*Task details:* Restate the records word for word. Include no pictures.

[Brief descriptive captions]

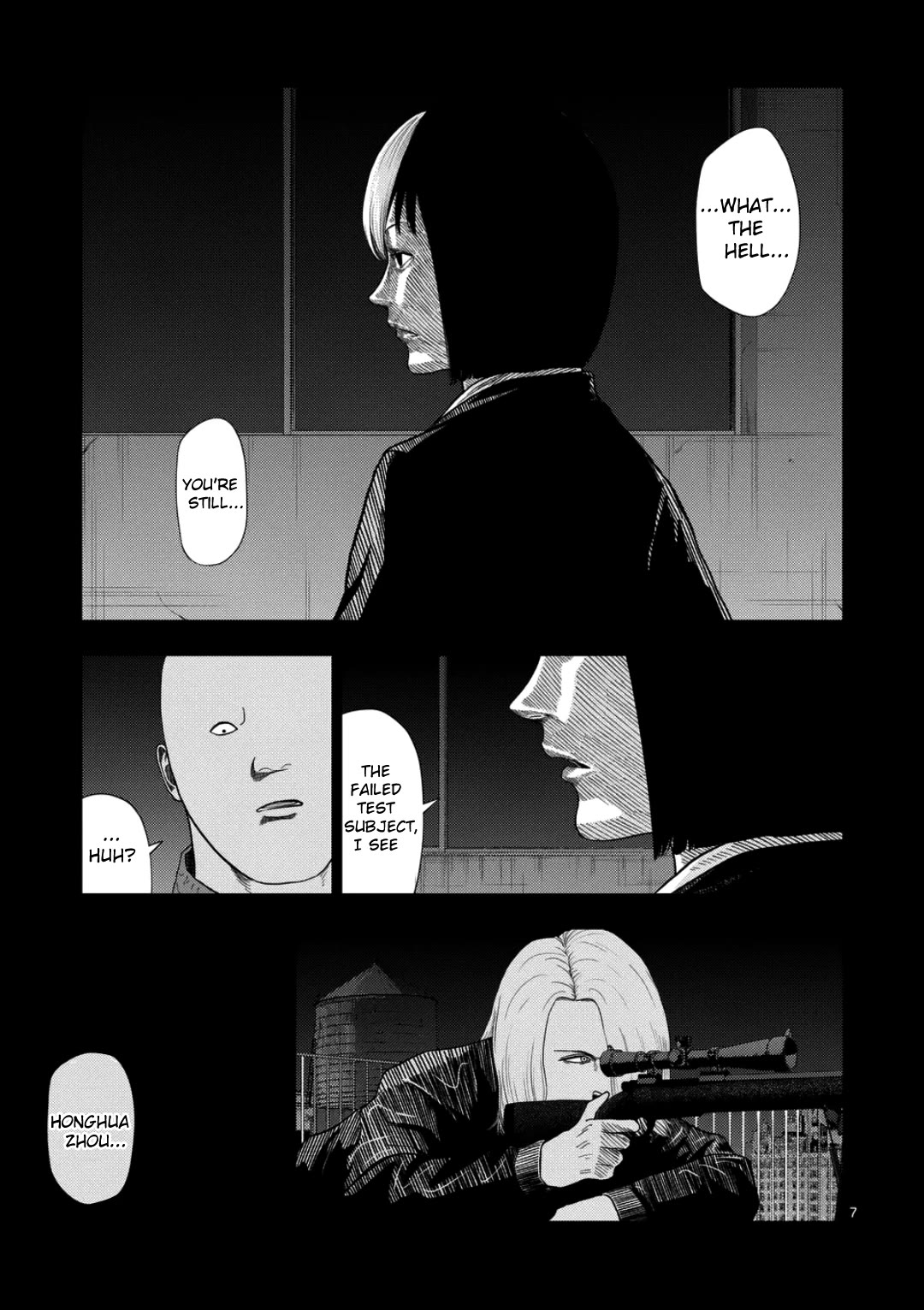 Shady Part-Time Jobs: No Escape Chapter 232 page 7 - Chapter 232: Private Matters ➁
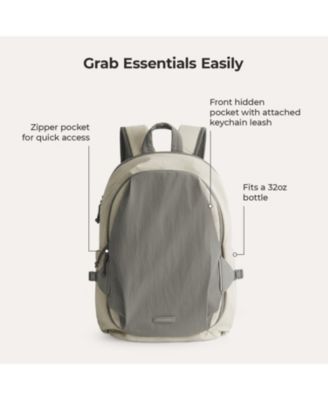 Soar 25L 180° Open Clamshell Travel Backpack Set GREY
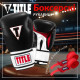 Боксерські рукавиці TITLE Classic Leather 2.0 Black/White/Red S 10 oz (бинти 4м. в комплекті)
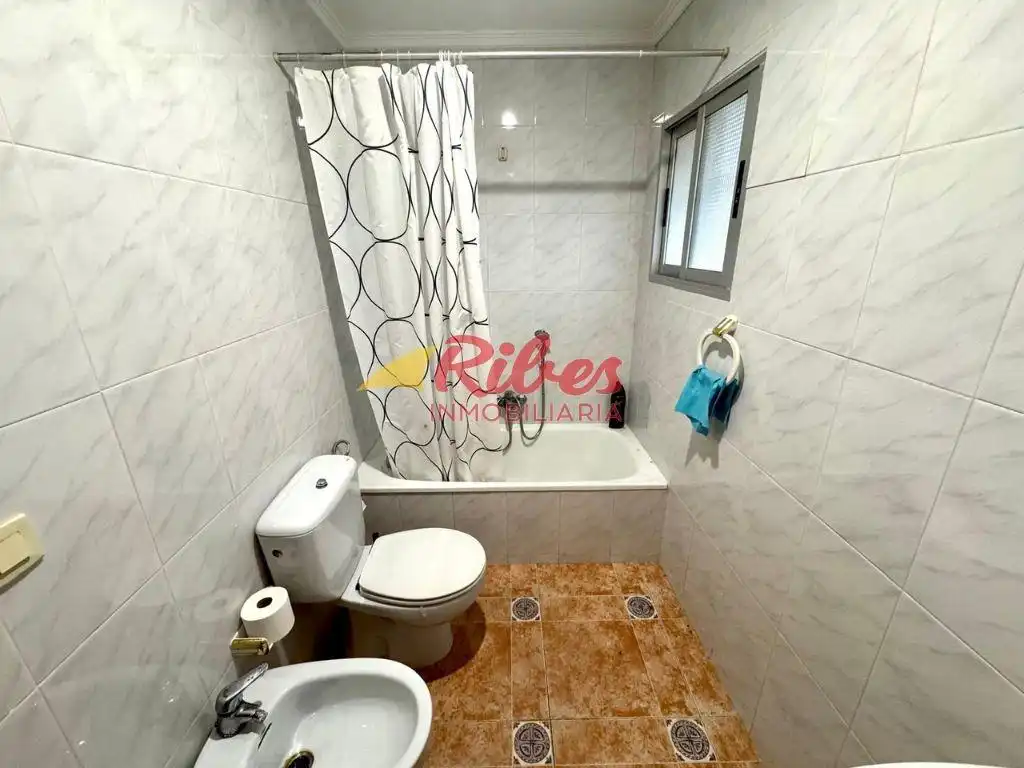 Baño de Casa o chalet en venta en Cullera con Jardín privado, Terraza y Trastero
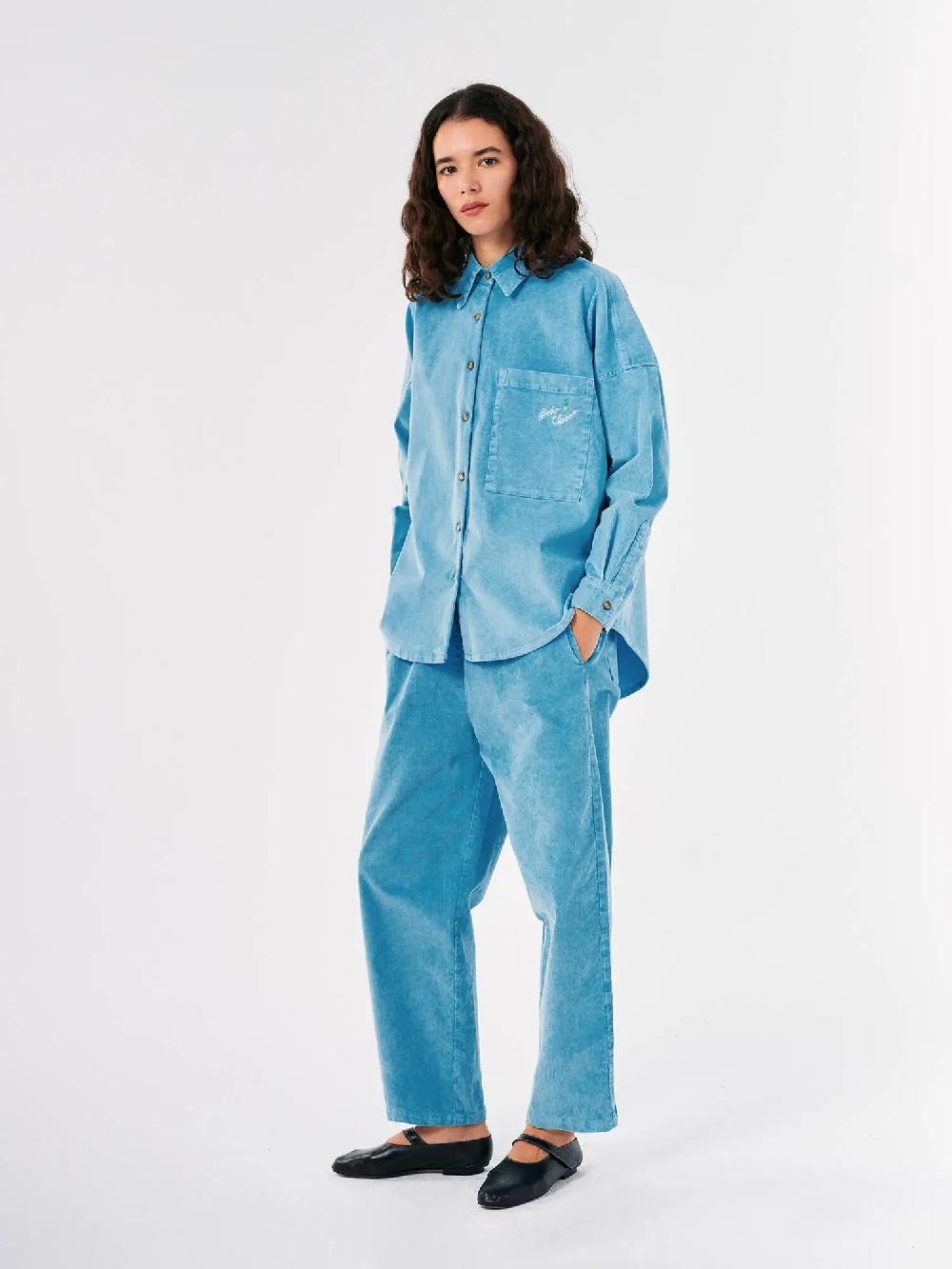 Bobo choses Embroidery corduroy overshirt Ofertas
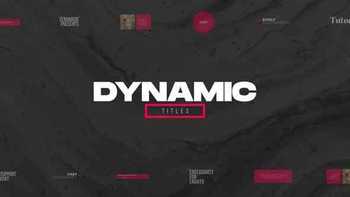 Dynamic Titles Pack 31765502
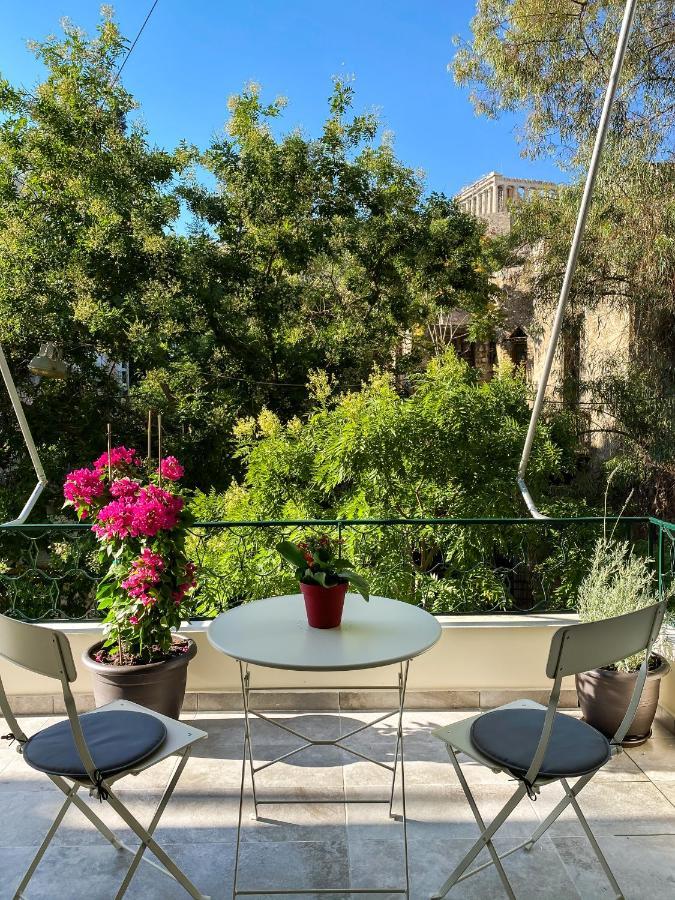 Acropolis Slow Living Apt Under The Parthenon Ateny Zewnętrze zdjęcie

*Response to the exercise:*
 Shady Part-Time Jobs: No Escape Chapter 232 page 7 - Chapter 232: Private Matters ➁
 Soar 25L 180° Open Clamshell Travel Backpack Set GREY
 Боксерські рукавиці TITLE Classic Leather 2.0 Black/White/Red S 10 oz (бинти 4м. в комплекті)
 Baño de Casa o chalet en venta en Cullera con Jardín privado, Terraza y Trastero
 Bobo choses Embroidery corduroy overshirt Ofertas
 Dynamic Titles Pack 31765502
 Acropolis Slow Living Apt Under The Parthenon Ateny Zewnętrze zdjęcie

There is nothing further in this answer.